バブリーな、あまりにバブリーな

 秋口の出張先のホテル。
 遅くに部屋に戻って来て、何気なくテレビのリモコンを操作していて、思わず番組に釘付け。

 このテーマ曲、このナレーター、そしてこのバカバカしさ。
 毎週熱心に観ていては、講義のネタとして紹介していたっけ。

 そして思わず発注してしまいました。

 『カノッサの屈辱復刻版』(扶桑社、2008年10月2刷)

 奥付を見て驚きましたが、初版が2004年で、小生が手にしたのは、4年の歳月を経て再び増刷されたものでした。

 今から振り返れば、あのテーマ曲は服部克久作曲の「夕陽」、あのナレーターは牧原俊幸。そして番組の進行役は仲谷昇でした。
 テーマ曲が欲しくて、それでも、曲名を覚えておらず、服部克久の音楽畑シリーズを何枚も買い、そしてやっとお目当ての曲に出会った記憶があります。
 また、「やあみなさん、私の研究室へようこそ」という仲谷昇のセリフ。酒を飲んではまねしていた記憶もあります。

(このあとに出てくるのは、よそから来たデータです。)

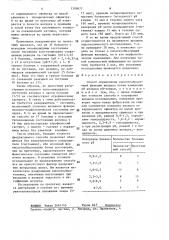 Способ определения кислотообразующей функции желудка (патент 1399677)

 帯を見れば、1990年に放映されたとのことで、18年も前の番組でした。
 この番組、一言でいえば、歴史パロディで、1990年までの流行や商品、有名人などを歴史年表や絵画・肖像画、絵巻物に仕立て上げ、独自の解釈でパロディ化してしまう番組でした。

 この本には、次の17テーマが収録されています。

 アイスクリームルネッサンス史
 幕末ビール維新
 ニューミュージックと西太后の時代
 クリスマス化学史 元素記号Hの発見
 インスタントラーメン 帝国主義国家の宣戦
 健康ドリンク百年戦争の起因と拡大
 古代エーゲ海 アイドル帝国の興亡
 女性・旅行力学 時間と空間をこえて
 近世ハンバーガー革命史
 縄文・弥生 女子大生装飾の謎
 デート資本主義の構造
 お風呂戦国時代 下克上から娘封建社会へ
 狩猟から稲作へ 原始オーディオ文化の黎明
 結婚電気学 Iと抵抗の仮説
 幕藩・酒場改革史 婦女子の流入と台頭
 チョコレート源平の対立と国風文化
 古代オリエント 歯みがき文明の継承と発展

 見るからにおバカなテーマですが、観てみたいと思いませんか?(笑)
 小生も本を読んでいて『ああ、こんなの、あったよなあ』と懐かしく思い出すものもありましたが、やっぱり本では伝えきれない部分が多く、もう一度、観てみたいと思いました。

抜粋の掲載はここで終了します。